The Comparison Of Virtual Bem And Traditional Bem For 2-d Laplace Equation

Boundary element method (BEM) is a simple and effective numerical method to solve potential problems, but usually requires calculation of singular integral, even hyper-singular integrals. The traditional BEM based on potential theory takes the density function on the real boundary as unknown quantity, while the virtual BEM takes the virtual density function on the virtual boundary for unknown quantity. The virtual boundary elements method(VBEM) based on the idea that selecting a virtual boundary outside the domain under consideration, we can establish a virtual potential and a boundary integral equation, according to the known boundary conditions of the original problem on real boundary, we can get the virtual density on the virtual boundary, then, using the potential integral on virtual boundary we can calculate the solution of the original problem by the discrete form of virtual boundary integral expression.

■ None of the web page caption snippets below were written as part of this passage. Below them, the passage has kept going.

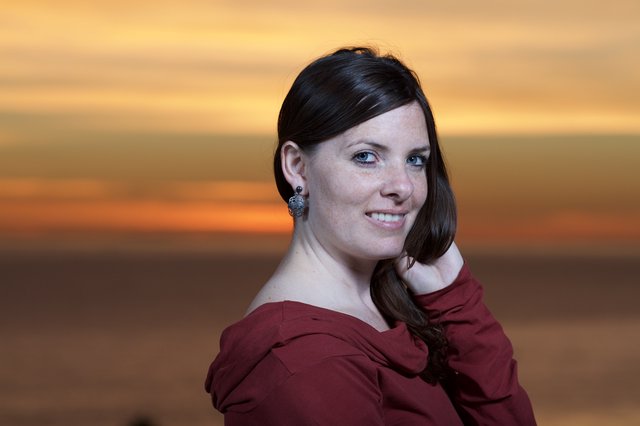 Dark-Haired Woman Smiling at Sunset by Sea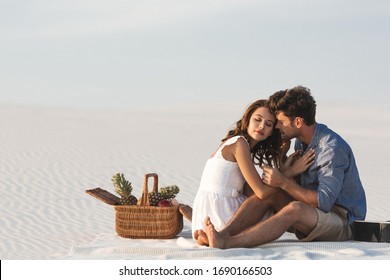 young couple hugging while sitting on blanket with basket of fruits and acoustic guitar on beach - Powered by Shutterstock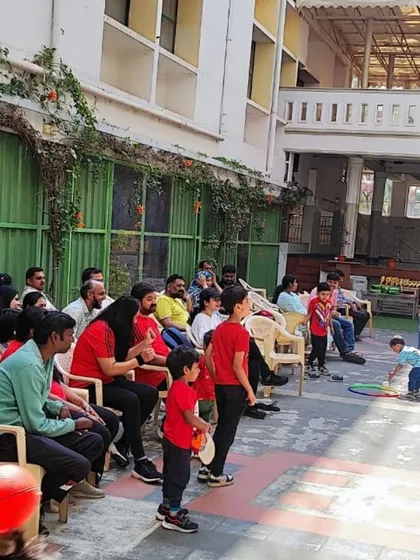 Parents cheering on the little athletes during Sports Day. We love creating a supportive community atmosphere where everyone feels involved.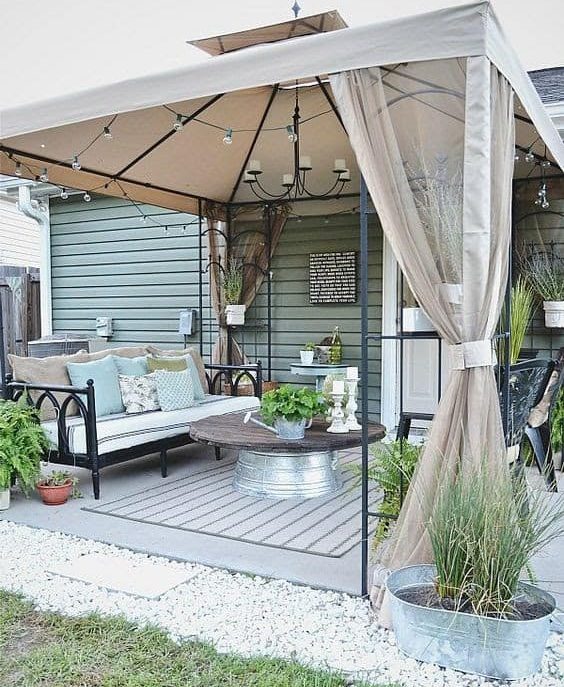 A classy metal-framed gazebo, stylish curtains and some homely touches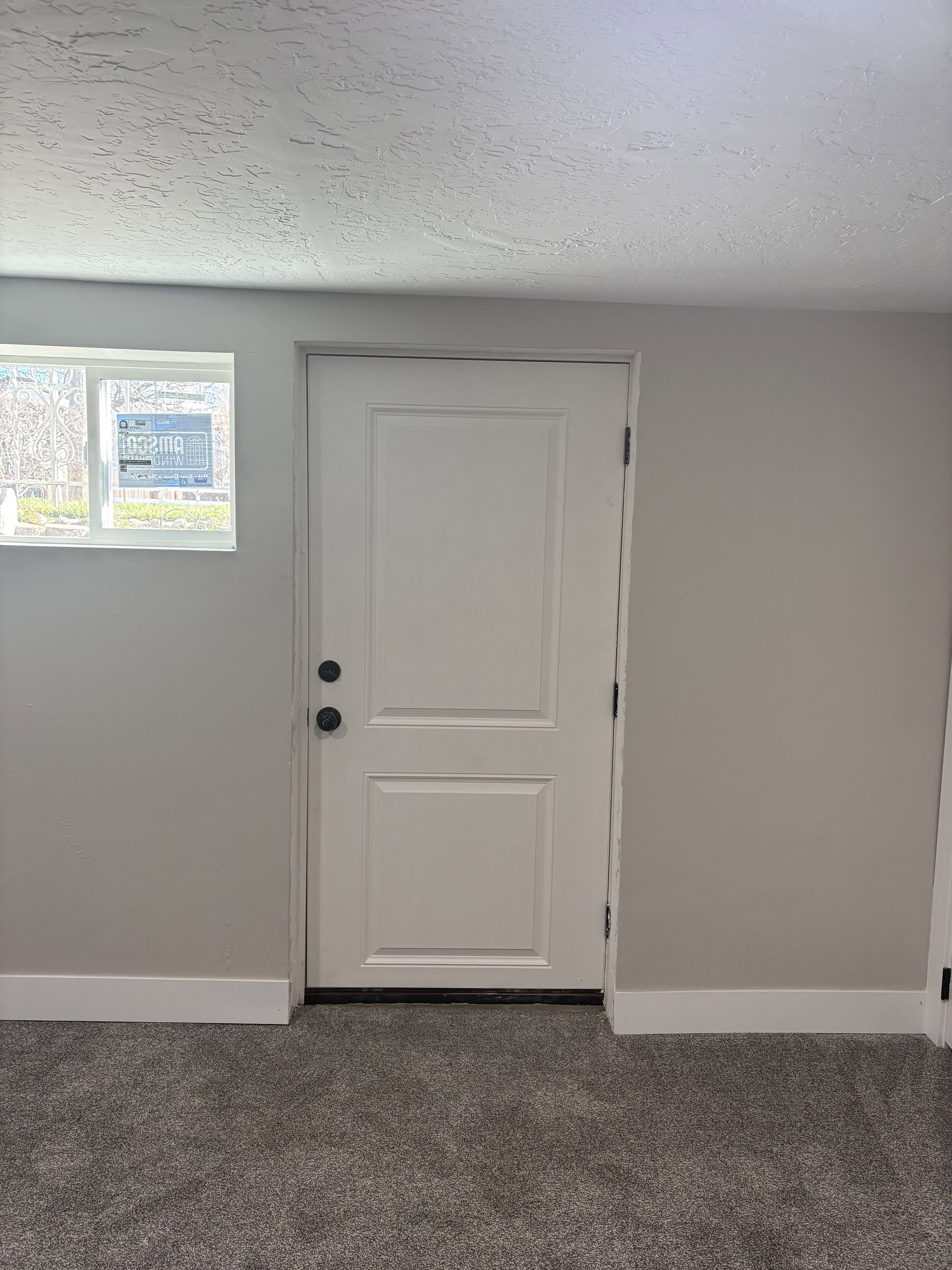 Bedroom 3 Doorway to outside light grey carpet floors and a textured ceiling
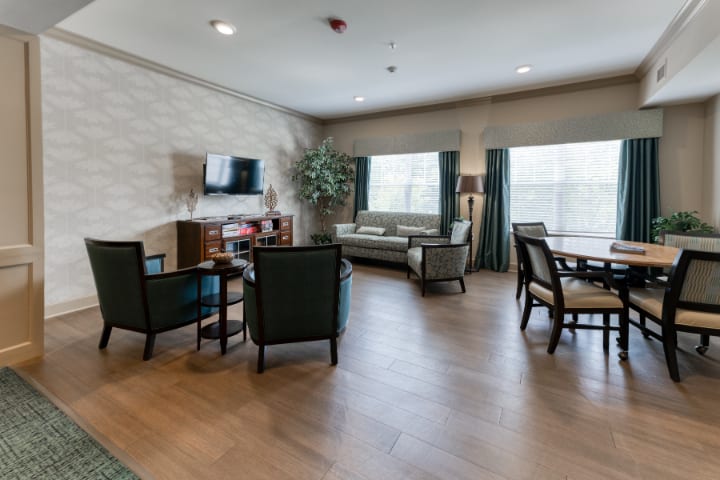 A comfortable living room with modern furnishings, featuring a television, seating area, and large windows with curtains.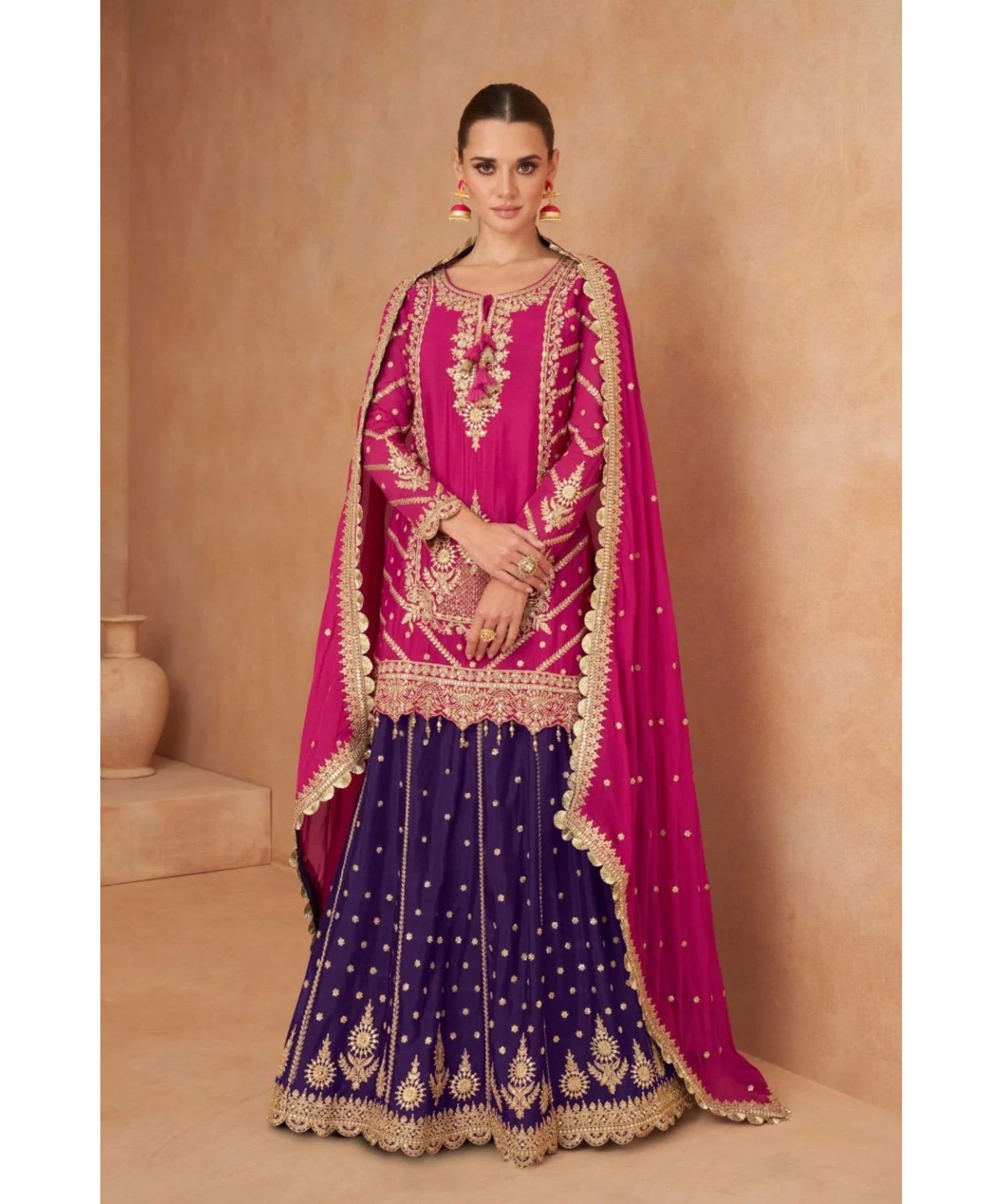 Khanak — style 7471-A, magenta embroidered top and deep-purple lehenga skirt with coordinating dupatta; original full-length photo.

Since the field points and the source points are on different boundary, so that singular or hyper-singular integrals are avoid in the numerical computing process.In this paper, we compared the numerical results of virtual density function, virtual moment density function and the potential function under consideration obtained by traditional BEM and VBEM not only based on single-layer potential and also based on mixed-layer potential which is different from the VBEM based on single-layer potential[58] and on double-layer potential[38]. Through the analysis to the shape of the virtual boundary and the relation with real boundary, the different schemes adopted in our paper based on different virtual potentials validate the consistency of traditional BEM and virtual BEM.In order to compare the numerical results of the VBEM based on mixed-layer potential with the traditional BEM based on the same mixed-layer potential, we devised a program for computing the mixed-boundary value problems of 2-D Laplace equation. In our paper, we adopted a scheme of re-subdivision the element with singularity by reducing its length in power series to carry out the numerical integration of hyper-singular integrals.All computing program are coded by Fortran 90 programming language. The conclusions are verified by several numerical examples.